▸ Input material
****************
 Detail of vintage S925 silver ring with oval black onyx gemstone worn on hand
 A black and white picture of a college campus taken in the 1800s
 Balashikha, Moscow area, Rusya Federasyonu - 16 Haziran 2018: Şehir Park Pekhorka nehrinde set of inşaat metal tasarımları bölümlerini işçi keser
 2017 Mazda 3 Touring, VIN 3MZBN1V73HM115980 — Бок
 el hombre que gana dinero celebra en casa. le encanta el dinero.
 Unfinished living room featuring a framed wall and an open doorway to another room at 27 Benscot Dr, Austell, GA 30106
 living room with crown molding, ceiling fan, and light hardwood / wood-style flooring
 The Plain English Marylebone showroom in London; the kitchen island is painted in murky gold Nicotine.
****************
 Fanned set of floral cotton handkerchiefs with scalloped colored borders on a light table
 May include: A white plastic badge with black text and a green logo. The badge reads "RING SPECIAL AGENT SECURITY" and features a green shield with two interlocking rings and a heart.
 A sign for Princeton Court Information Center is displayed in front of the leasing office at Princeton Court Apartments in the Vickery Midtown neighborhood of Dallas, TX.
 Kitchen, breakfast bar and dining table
****************
▸ Task goal
The expected result is a copy of each line in the records where "black" appears.

▸ Answer for this exercise
 Detail of vintage S925 silver ring with oval black onyx gemstone worn on hand
 A black and white picture of a college campus taken in the 1800s
 May include: A white plastic badge with black text and a green logo. The badge reads "RING SPECIAL AGENT SECURITY" and features a green shield with two interlocking rings and a heart.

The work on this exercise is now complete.